Using NginX as a frontend web cache

Introduction

I have recently put a couple of NginX servers in front of my web server in order to improve performance. Here's a quick description of how to setup NginX as a frontend cache.

The setup

I have my web site served by an Apache web server. I also have the site replicated to a second server, which is a hot standby. I added two NginX servers as frontend caches to improve performance. As the site is mainly static content, I don't have to worry about sessions, etc. If the web server fails, NginX automatically uses the standby. Load balancing is achieved between the NginX caches using round robin DNS (evil, I know). I also have a small app running on another web server and that is transparently served from another domain by NginX.

NginX config

    http {
        include       /etc/nginx/mime.types;

        upstream main {
            server primary.exmaple.com;
            server backup.example.com backup;
        }

        proxy_buffering           on;
        proxy_cache_valid         any 10m;
        proxy_cache_path          /var/www/cache levels=1:2 keys_zone=my-cache:8m max_size=1000m inactive=600m;
        proxy_temp_path           /var/www/cache/tmp;
        proxy_buffer_size         4k;
        proxy_buffers             100 8k;

        sendfile                  on;
        keepalive_timeout         65;
        tcp_nodelay               on;

        server {
            listen 1.2.3.4:80;
            server_name www.example.com;
            access_log  /var/log/nginx/access.log;
            error_log  /var/log/nginx/error.log;

            proxy_buffering on;
            proxy_set_header  X-Real-IP  $remote_addr;

            location / {
                proxy_pass http://main;
                proxy_cache            my-cache;
                proxy_cache_valid       200;
            }

            location /tools/exampletool/ {
                proxy_pass http://server3.example.com/dir/;
                proxy_cache             my-cache;
                proxy_cache_valid       200;
                proxy_set_header Host server3.example.com;
            }
        }
    }

You probably want to worry about/change the following settings:

upstream: main is an arbitary label, you can set that to whatever you like. You can see that I have entered two server names. These are the names of the origins. As you can probably work out, pri mary is usually used, unless it fails, in which case backup is used. If you were to leave off the backup keyword, the two servers would be used in a round robin system.

proxy_: These are fairly self explanitary and generally look after themselves. You might want to specify a different directory for the cache. Do note that the temp_path and cache_path *must* be on the same volume as one just contains hard links to the other.

server_name: If you've setup a web server, you probably know what this is!

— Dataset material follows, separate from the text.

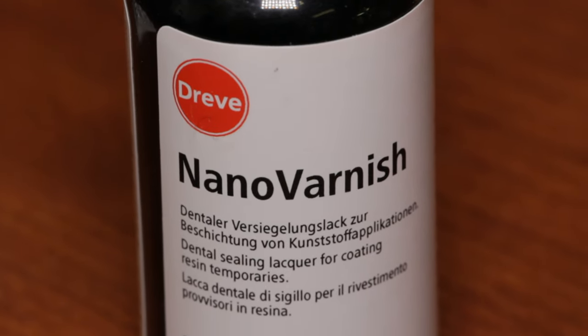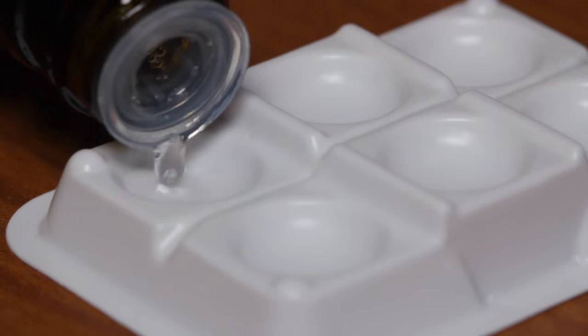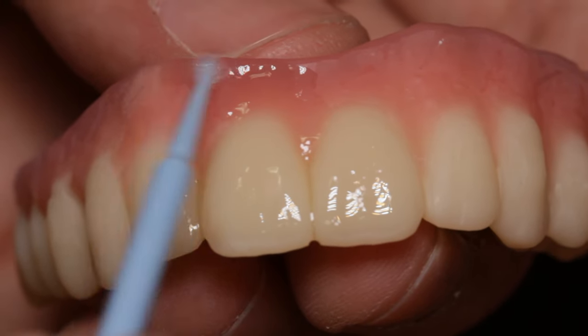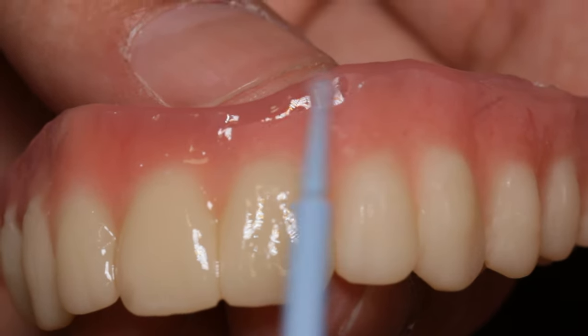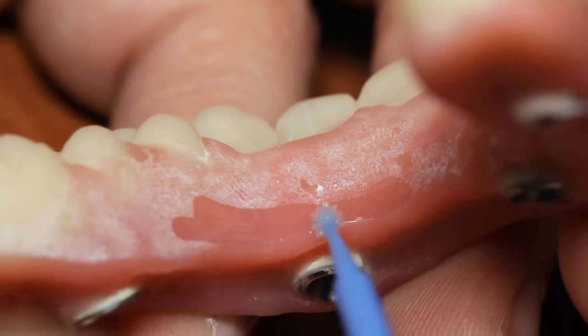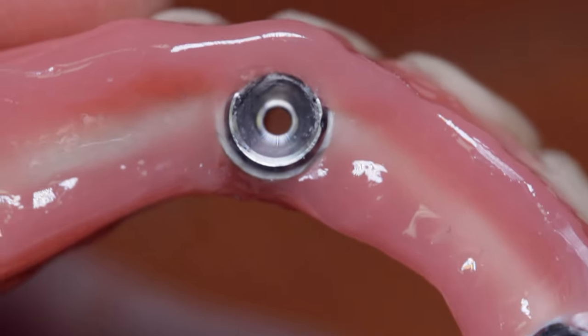To glaze the surface, I recommend Nano Vanish from Dreve, which is known for its ability to be applied very thin and does not yellow over time. I apply a very small amount with a micro brush and make sure that I don't overlap any wet areas I stained before, which can cause bubbles or pits. Be mindful of limiting the material in the occlusal fossa and in between the teeth, as that can also cause bubbles. Cure the glaze for approximately four to five minutes in the UV lightbox.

location: This maps a location on the cache to an origin server. You can see that / is passed to http://main, which is defined as two origin servers in the upstream {} section. It also uses my cac he to hold a cached copy of the data. The /tools/exampletool does something a little clever. It is still part of the virtual host, but http://www.example.com/tools/exampletool/ is mapped to a different o rigin server to the rest of the site. Notice also that I have specifed a server and path directly, rather than an upstream source, as I only have one server serving this part of the site. I have also use d proxy_set_header to change the host header that the cache presents to the origin server.

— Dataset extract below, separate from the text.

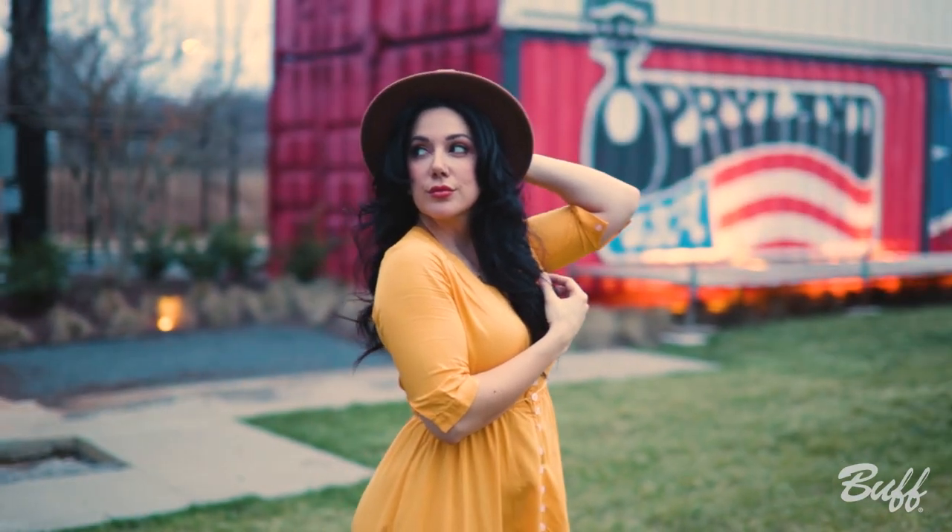Hey, what's up? This is Ryan Sims. I'm a Buff Ambassador, and today we're going to talk about high-speed sync and how to use that to blend natural lighting with flash photography.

Setting up the origin server

If you're going to use a frontend cache it helps if that cache knows how long it can hold a page for before needing to get a fresh copy from the origin server. Obviously different content will want storing for different lengths of time eg. a news page would want a short time and images or stylesheets can be much longer. This is done using the Cache-Control headers in HTTP. Both Apache and Lighttpd have a mod_expire module which handles this. Other web servers are an excersie to the reader. Read the fine manuals.

Apache

First, make sure that mod_expire is loaded. Then you can add "ExpiresActive" and "ExpiresDefault" directives to your <Directory> or <Location> directives:

    <Location />
                ExpiresActive On
                ExpiresDefault "access plus 1 hours"
    </Location>
    <Location /css>
                ExpiresActive On
                ExpiresDefault "access plus 7 days"
    </Location>

Lighttpd

Again, make sure that you have loaded mod_expire. You can then set expire.url directives:

    $HTTP["url"] =~ "^/" {
         expire.url = ( "" => "access plus 1 hours" )
    }
    $HTTP["url"] =~ "^/css/" {
         expire.url = ( "" => "access plus 7 days" )
    }

Load balancing the caches

As previously mentioned, this is achieved by adding an A record for each cache to the DNS zone. This is not exactly ideal as it doesn't achieve terribly good load balancing (the DNS server just hands out the records in a round-robin fashion, which means that several users using the same DNS cache will end up on the same server and different uses accessing different content will cause asymetric load on the caches) however, it is good enough for now. It also means that if a cache fails, the DNS server still quite happilly points users towards it. I have set the TTL to three minutes, so I can manually drop offending records out of the DNS zone in the event of a problem and it will have to do for now.